S'il peint encore de nombreux chefs d'oeuvre durant cette période, il est conscient que sa santé commence à décliner. Il tente même d'en finir avec la vie, sans succès fort heureusement. La naissance de son fils Émile lui redonne un temps confiance et énergie mais, à 53 ans, alors que sa compagne est repartie dans sa famille avec leur fils, il décide de partir s'installer seul aux Îles Marquises, l'archipel habité le plus isolé du monde.
Gauguin est émerveillé par ce qu'il découvre, c'est « ici qu'il va renaître, créer, sculpter et peindre de nouveau ». Pourtant, en 1901, la situation aux Marquises est dramatique, la culture de ses habitants se meurt, sculpture, danses, tatouages et même langue y étant interdits par les colons et l'Église, déterminés à remettre ces « sauvages » sur le droit chemin. Installé dans sa cabane à pilotis, à la fois atelier et maison pour recevoir ses amis marquisiens, Gauguin observe la lente agonie de l'archipel sous le joug de la colonisation et il a vite fait de choisir son camp, celui des Marquisiens. Il va désormais consacrer le plus clair de son temps à défendre leurs droits et leur culture, ce qui lui vaudra de nombreuses démêlées avec l'administration. L'auteure inclut ainsi de nombreux extraits de correspondances adressées à l'administration par Gauguin, généralement restées sans réponse.
Malgré sa santé déclinante, Gauguin continue à peindre, écrire et sculpter en s'inspirant des sculpteurs marquisiens, admirant avec 100 ans d'avance ce qu'on appelle aujourd'hui les arts premiers.

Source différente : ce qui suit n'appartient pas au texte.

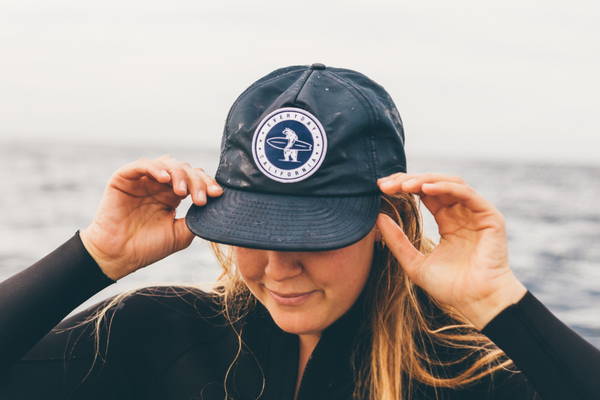 a girl wearing a floating waterproof hat in front of the ocean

Paul Gauguin meurt seul, en mai 1903. Il est enterré à la va vite et sa maison est en partie pillée. de nombreuses toiles et oeuvres du peintre sont brûlées sur l'ordre de l'évêque, car jugées obscènes. Parmi les effets retrouvés, figure le tableau Village breton sous la neige, dont Gauguin n'avait jamais voulu se séparer au fil de ses voyages.
Ce livre, écrit à la manière d'une biographie, se penche sur la vie de Gauguin plutôt que sur son oeuvre. Il regorge de détails méconnus, s'appuyant pour cela sur les écrits du peintre lui-même. On y découvre un homme aimant profondément sa famille, mais incapable de résister à sa passion dévorante qu'était la peinture. Sa vie semble avoir été une fuite éperdue jusqu'aux Marquises, où il repose désormais sur l'île d'Hiva Oa, là où à quelques mètres de sa tombe,
Jacques Brel a voulu être enterré afin d'être avec lui « comme les deux larrons à côté du Christ ».
Merci à Babelio et à
Laure Dominique Agniel pour ce livre qui m'a beaucoup appris sur
Paul Gauguin. L'ouvrage publié par les Éditions Locus Solus est doté d'une très belle couverture (un autoportrait photographique de
Paul Gauguin en costume breton) et comporte un encart en couleurs d'environ 15 pages illustrant des photographies et oeuvres du peintre.